* Action item
Every line from the one with "Ramada by Wyndham" to the final line of the listing below should be repeated exactly, and only those.

* Extracted entries
- - - -

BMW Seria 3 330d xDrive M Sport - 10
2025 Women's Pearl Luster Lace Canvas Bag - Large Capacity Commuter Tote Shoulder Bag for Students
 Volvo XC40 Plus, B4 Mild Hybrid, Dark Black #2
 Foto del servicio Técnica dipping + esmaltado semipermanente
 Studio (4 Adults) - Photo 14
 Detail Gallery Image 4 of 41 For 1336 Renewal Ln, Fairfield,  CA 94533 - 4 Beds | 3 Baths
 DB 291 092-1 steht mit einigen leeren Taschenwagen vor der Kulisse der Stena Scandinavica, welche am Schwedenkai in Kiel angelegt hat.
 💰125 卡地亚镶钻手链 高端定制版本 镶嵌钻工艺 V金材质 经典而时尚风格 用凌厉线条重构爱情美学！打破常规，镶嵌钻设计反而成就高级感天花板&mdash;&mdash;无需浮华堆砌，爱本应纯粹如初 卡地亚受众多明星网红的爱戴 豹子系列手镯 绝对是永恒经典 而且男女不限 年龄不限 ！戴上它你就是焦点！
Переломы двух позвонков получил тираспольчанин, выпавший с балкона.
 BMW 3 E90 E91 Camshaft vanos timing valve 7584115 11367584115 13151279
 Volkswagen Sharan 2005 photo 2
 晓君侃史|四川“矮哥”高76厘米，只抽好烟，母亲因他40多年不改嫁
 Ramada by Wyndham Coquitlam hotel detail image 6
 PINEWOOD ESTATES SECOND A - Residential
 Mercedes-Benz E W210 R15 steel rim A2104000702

- - - -

* Answer below
 Ramada by Wyndham Coquitlam hotel detail image 6
 PINEWOOD ESTATES SECOND A - Residential
 Mercedes-Benz E W210 R15 steel rim A2104000702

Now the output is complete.